- _Task statement_: Each entry needs to be copied exactly, with nothing left out.
---------- Records shown
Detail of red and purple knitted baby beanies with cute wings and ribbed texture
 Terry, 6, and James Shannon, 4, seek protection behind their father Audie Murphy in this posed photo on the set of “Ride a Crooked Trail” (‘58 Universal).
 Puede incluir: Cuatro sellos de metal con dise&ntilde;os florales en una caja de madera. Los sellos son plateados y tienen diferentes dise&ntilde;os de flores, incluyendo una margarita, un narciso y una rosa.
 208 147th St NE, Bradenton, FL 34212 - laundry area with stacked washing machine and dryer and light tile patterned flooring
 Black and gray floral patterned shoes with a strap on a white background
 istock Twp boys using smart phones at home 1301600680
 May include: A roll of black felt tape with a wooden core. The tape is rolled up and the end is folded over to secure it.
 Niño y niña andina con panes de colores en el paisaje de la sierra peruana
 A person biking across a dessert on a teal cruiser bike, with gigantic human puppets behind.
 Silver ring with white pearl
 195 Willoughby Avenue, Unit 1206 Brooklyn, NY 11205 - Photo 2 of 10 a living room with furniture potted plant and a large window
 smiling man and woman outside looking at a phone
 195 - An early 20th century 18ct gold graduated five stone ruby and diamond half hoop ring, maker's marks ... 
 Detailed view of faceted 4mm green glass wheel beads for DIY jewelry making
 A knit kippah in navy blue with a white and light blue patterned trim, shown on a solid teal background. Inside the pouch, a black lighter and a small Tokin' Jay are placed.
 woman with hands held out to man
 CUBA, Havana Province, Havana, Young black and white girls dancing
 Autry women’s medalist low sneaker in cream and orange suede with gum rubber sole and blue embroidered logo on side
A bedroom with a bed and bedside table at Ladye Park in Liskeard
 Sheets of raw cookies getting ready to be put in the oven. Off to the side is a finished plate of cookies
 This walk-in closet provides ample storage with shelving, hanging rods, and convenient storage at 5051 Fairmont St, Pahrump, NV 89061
--------------------
- _Result for this task_:
Detail of red and purple knitted baby beanies with cute wings and ribbed texture
 Terry, 6, and James Shannon, 4, seek protection behind their father Audie Murphy in this posed photo on the set of “Ride a Crooked Trail” (‘58 Universal).
 Puede incluir: Cuatro sellos de metal con dise&ntilde;os florales en una caja de madera. Los sellos son plateados y tienen diferentes dise&ntilde;os de flores, incluyendo una margarita, un narciso y una rosa.
 208 147th St NE, Bradenton, FL 34212 - laundry area with stacked washing machine and dryer and light tile patterned flooring
 Black and gray floral patterned shoes with a strap on a white background
 istock Twp boys using smart phones at home 1301600680
 May include: A roll of black felt tape with a wooden core. The tape is rolled up and the end is folded over to secure it.
 Niño y niña andina con panes de colores en el paisaje de la sierra peruana
 A person biking across a dessert on a teal cruiser bike, with gigantic human puppets behind.
 Silver ring with white pearl
 195 Willoughby Avenue, Unit 1206 Brooklyn, NY 11205 - Photo 2 of 10 a living room with furniture potted plant and a large window
 smiling man and woman outside looking at a phone
 195 - An early 20th century 18ct gold graduated five stone ruby and diamond half hoop ring, maker's marks ... 
 Detailed view of faceted 4mm green glass wheel beads for DIY jewelry making
 A knit kippah in navy blue with a white and light blue patterned trim, shown on a solid teal background. Inside the pouch, a black lighter and a small Tokin' Jay are placed.
 woman with hands held out to man
 CUBA, Havana Province, Havana, Young black and white girls dancing
 Autry women’s medalist low sneaker in cream and orange suede with gum rubber sole and blue embroidered logo on side
A bedroom with a bed and bedside table at Ladye Park in Liskeard
 Sheets of raw cookies getting ready to be put in the oven. Off to the side is a finished plate of cookies
 This walk-in closet provides ample storage with shelving, hanging rods, and convenient storage at 5051 Fairmont St, Pahrump, NV 89061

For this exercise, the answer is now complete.